Iraqis might not be able to hit the side of a barn with a Scud missile, but they can hurl an insult with devastating effect. Baghdad is apparently well supplied with verbal weapons of mass inflection, as one of Saddam Hussein's sons proved when he fired off the line that U.S. soldiers' wives and mothers would "cry tears of blood." That's a pretty good line, scoring high on both emotional and visual impact, though not up there with his old man's characterization (mistaken, as it turns out) of the 1991 Gulf War as "the Mother of All Battles."
The Americans can't compete on the battlefield of jargon with the Iraqis.

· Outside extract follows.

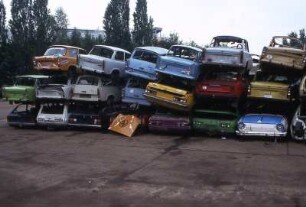 Dresden - Autofriedhof : Auf einem Schrottplatz bei Dresden stapeln sich ausgemusterte PKW Trabant, aufgenommen ca. 1991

Their Larder of Loquaciousness has been heaped high by hundreds of years of flowery Arab-speak. Where Americans "speak softly and carry a big stick," Arabs "speak colorfully and carry a big thesaurus." Americans shoot from the lip, while Arabs shoulder-fire elaborate heat-seeking diatribes and injurious cluster barbs.
A recent Reuters story pointed out the Iraqi habit of calling coalition forces "an international gang of criminal bastards" and "jackasses of colonization."
Coalition spokesmen fired back lamely something to the effect of "we're going to beat this bozo," failing to invoke images of tears of blood or even tears of goat milk.
AT A MEETING of Muslim countries, the Iraqi representative told the Kuwaiti delegate to "shut up, you minion, you monkey!" The Kuwaiti, apparently tongue-tied by hanging out with too many vernacularly challenged westerners, simply left the room. I'm sure that a savagely witty retort occurred to the gentleman as soon as he was back at his hotel room because savagely witty retorts have a habit of doing that.
Someone, either Al Capone or Albert Einstein, I believe, said you can accomplish more with a kind word and a 200-megaton atomic bomb than you can with a kind word alone, which sums up why America does not have a huge stockpile of catchy insulting phrases to use on during war. That's too bad, because a modern army should be well rounded, equipped not just with awesome firepower and Meals Ready to Eat, but with bellicose bon mots.
I suggest that President Bush, in his next address to the country, refer to Saddam as the "odoriferous magnate of malignancy who sacrifices his people on the inscrutable altar of hyperbolic malefaction." That should send them scurrying to their bunkers in search of an English-Arab dictionary.
If that's too much of a mouthful for our admittedly sometimes tongue-twisted leader, maybe he can call the Iraqi leadership a "gang of criminal goat-milk-crying monkey boys." It may lack the elegant flourish of vintage Arab-speak, but we've got to start building up our AAA (Arsenal of Awesome Affronts) sometime.